Lincoln -- The goldenrod on our prairie northwest of Lincoln has been in full flower this month. Bright orange Monarch butterflies on bright yellow goldenrods make for irresistible photo opportunities.

So we had a smartphone photo of a local goldenrod handy when visiting the Bessey Herbarium in Nebraska Hall last week. Exactly which species of goldenrod was it, we asked. Turns out it was Stiff Goldenrod (Solidago rigida). The oldest such specimen in the herbarium's collection dates from September 18, 1873; it was collected in Lancaster County by none other than the early Nebraska naturalist and professor Samuel Aughey, promoter (and perhaps originator) of the "rain follows the plow" theory and a great favorite of railroad companies.

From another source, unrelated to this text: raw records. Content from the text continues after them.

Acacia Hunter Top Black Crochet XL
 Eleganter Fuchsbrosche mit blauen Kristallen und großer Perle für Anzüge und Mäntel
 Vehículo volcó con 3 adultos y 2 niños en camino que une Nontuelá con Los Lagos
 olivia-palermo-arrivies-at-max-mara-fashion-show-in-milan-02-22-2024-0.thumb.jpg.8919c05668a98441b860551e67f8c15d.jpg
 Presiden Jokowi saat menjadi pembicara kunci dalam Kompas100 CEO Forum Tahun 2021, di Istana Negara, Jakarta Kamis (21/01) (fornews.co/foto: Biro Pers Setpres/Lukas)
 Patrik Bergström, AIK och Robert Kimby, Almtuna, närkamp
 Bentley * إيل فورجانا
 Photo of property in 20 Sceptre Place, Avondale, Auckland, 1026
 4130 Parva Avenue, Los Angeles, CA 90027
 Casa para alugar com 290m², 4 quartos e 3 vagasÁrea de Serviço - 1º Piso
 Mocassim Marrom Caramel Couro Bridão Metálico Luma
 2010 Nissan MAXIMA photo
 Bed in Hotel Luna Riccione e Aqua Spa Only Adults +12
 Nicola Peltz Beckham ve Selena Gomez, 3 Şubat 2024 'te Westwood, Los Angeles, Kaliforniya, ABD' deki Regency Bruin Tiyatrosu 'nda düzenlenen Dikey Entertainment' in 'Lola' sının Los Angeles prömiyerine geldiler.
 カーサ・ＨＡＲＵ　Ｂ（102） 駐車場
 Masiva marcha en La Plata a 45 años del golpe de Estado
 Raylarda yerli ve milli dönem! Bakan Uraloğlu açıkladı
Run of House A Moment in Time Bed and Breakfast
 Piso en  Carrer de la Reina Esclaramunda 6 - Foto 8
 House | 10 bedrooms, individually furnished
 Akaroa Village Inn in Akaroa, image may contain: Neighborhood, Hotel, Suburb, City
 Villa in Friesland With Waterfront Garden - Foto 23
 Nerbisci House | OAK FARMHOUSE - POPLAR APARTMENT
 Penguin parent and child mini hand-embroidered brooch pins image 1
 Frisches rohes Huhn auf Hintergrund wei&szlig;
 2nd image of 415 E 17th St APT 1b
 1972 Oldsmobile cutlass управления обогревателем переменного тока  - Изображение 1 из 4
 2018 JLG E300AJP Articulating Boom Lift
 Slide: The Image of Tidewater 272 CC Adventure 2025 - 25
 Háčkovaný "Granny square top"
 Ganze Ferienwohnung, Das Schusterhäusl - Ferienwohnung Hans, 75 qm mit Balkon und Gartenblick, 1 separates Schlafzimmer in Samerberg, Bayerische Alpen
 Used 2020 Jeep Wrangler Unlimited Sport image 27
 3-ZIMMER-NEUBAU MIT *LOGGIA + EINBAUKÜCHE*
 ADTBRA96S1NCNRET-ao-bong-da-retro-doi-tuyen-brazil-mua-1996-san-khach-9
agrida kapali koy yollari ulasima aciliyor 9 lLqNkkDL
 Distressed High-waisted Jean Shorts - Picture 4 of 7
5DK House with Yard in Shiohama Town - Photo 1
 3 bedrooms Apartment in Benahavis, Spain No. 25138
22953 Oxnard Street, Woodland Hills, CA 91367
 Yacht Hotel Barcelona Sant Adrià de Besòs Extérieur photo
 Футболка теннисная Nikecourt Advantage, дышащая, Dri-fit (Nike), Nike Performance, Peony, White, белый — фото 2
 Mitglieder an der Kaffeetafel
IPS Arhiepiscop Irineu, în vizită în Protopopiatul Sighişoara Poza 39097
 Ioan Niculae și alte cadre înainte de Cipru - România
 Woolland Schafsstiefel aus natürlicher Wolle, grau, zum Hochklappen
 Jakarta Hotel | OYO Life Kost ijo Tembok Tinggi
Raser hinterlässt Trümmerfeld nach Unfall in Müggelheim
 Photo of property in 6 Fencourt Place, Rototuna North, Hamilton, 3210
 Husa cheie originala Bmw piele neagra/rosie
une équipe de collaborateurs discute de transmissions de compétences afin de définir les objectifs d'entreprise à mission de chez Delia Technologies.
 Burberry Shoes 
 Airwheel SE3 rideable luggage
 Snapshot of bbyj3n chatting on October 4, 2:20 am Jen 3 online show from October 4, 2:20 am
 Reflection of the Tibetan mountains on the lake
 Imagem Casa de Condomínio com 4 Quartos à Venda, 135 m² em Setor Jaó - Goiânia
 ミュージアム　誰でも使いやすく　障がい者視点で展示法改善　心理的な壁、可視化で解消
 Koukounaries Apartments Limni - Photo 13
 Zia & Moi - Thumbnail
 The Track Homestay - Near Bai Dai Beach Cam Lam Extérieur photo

But it was another goldenrod specimen in the collection, Tall Goldenrod (Solidago gigantea), that convinced us we had discovered golden treasure. Tall Goldenrod is the Nebraska State Flower. In the herbarium, in a special cabinet, is the actual speciman that the Nebraska Legislature had before it when it made the designation in 1895. The backing paper has a note from Charles Bessey himself verifying it. The speciman was collected in Holt County in 1893 by Frederic Clements. This was the year Clements and Roscoe Pound crossed northern Nebraska, collecting plants for their subsequent publication Phytogeography of Nebraska, a work of far-reaching influence well beyond the borders of the state and nation.

The Bessey Herbarium is a remarkable place with both a current and historic collection but it receives scant support from the University and State. Its budget was cut severely in 2003 and funding has not been restored.